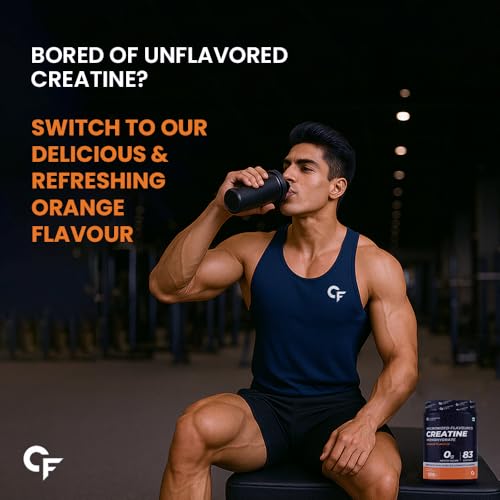 Image of Carbamide Forte Creatine Mono hydrate Powder | Micronized Creatine Monohydrate 308g | Micronized Monohydrate Creatine Supplement for Lean Muscle, Strength & Energy - Orange - 83 Servings - 308g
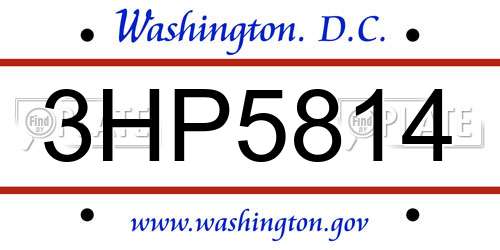 3HP5814 District Of Columbia License Plate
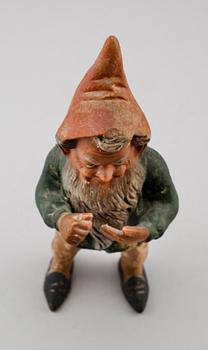 FIGUR, lergods, tomte, 1800-/1900-tal.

——

## Problem requirements
Print exactly what appears from the first line of the listing above down to the line containing "3HP5814 District Of Columbia License Plate", inclusive, and leave out all pictures.

## Solution below
 Image of Carbamide Forte Creatine Mono hydrate Powder | Micronized Creatine Monohydrate 308g | Micronized Monohydrate Creatine Supplement for Lean Muscle, Strength & Energy - Orange - 83 Servings - 308g
 3HP5814 District Of Columbia License Plate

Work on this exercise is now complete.